Testing: How Not to Fire Ze Missiles
(The following is an adaptation of a talk I did concerning how to focus your testing and how to better conceptualize what kinds of testing to focus on.)
A lot of companies and a lot of developers like to talk about what kinds of testing they’re doing. But here’s a dirty little secret that the software industry won’t tell you: It’s much more common that you’ll be working at a company where very little of the code is regularly tested outside of production. I’m talking single digits code coverage bad. Many developers neglect tests, but a big part of that is because they’re unsure how to properly approach testing.
End Goals
When approaching the concept of testing your code, you should ultimately be thinking about the end goals that you want your code to accomplish. I like to focus this into three areas:
- Your code should do what you think it does.
- Your code shouldn’t do what you don’t think it does.
- You shouldn’t allow your code to make the same mistakes twice.
While most software doesn’t act in a life-critical role, it’s easiest to break these down by considering:
“If I make a mistake, will my code ‘fire ze missiles’?”

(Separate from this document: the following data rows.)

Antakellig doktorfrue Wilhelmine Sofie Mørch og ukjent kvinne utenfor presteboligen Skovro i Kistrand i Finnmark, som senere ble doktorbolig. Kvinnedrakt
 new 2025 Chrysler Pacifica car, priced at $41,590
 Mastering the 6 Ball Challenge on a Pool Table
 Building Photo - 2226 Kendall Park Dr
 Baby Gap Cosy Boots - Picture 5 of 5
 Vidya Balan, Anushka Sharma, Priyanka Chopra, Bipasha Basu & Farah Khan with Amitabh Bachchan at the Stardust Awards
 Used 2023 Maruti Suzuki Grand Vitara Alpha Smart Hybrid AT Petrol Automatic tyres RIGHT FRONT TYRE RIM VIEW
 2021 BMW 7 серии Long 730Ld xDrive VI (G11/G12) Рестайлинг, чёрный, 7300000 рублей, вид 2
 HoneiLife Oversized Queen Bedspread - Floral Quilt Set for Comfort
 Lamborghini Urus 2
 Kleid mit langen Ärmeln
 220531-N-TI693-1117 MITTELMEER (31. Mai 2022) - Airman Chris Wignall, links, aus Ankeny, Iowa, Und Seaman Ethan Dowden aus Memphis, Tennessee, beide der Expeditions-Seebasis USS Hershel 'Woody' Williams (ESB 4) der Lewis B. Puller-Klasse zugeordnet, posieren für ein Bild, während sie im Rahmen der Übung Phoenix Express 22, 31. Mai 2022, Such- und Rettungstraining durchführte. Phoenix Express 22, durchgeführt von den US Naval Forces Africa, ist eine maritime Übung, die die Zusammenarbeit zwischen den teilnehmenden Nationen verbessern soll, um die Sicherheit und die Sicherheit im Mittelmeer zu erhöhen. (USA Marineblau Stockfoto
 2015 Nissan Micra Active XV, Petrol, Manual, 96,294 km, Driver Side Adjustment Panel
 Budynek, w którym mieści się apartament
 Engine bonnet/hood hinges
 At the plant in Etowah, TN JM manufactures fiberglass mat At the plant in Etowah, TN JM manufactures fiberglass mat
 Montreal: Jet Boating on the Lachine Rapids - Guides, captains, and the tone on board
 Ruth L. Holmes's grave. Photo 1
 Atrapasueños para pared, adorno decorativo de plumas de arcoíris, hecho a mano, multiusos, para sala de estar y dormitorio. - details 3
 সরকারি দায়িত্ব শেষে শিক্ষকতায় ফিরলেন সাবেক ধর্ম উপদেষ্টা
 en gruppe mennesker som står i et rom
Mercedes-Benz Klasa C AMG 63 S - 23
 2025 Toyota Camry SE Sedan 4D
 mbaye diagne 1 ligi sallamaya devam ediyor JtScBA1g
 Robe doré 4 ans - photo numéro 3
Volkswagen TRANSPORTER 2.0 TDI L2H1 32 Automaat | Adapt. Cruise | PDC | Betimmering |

That’s the software equivalent of nuclear war. We don’t like nuclear war! Let’s avoid that, shall we?
The first two points sound the same, but they’re really dual elements of one another: You should be able to verify that your code does the right things, while also ensuring that it does no more than what you think it’s doing.
The last point may be more controversial, or more aggressive, than you’ll hear elsewhere. But, I find very high value in automating much of my work. When I build automation to solve a problem, I like to focus on making sure I get the automation aspects correct. The major advantage of doing so is that you can typically trust that it will continue working correctly in the future, or is easier to correct to do so. An additional advantage is that, by forcing your code to fit this mold from the start, it is typically more composable and maintainable going forward.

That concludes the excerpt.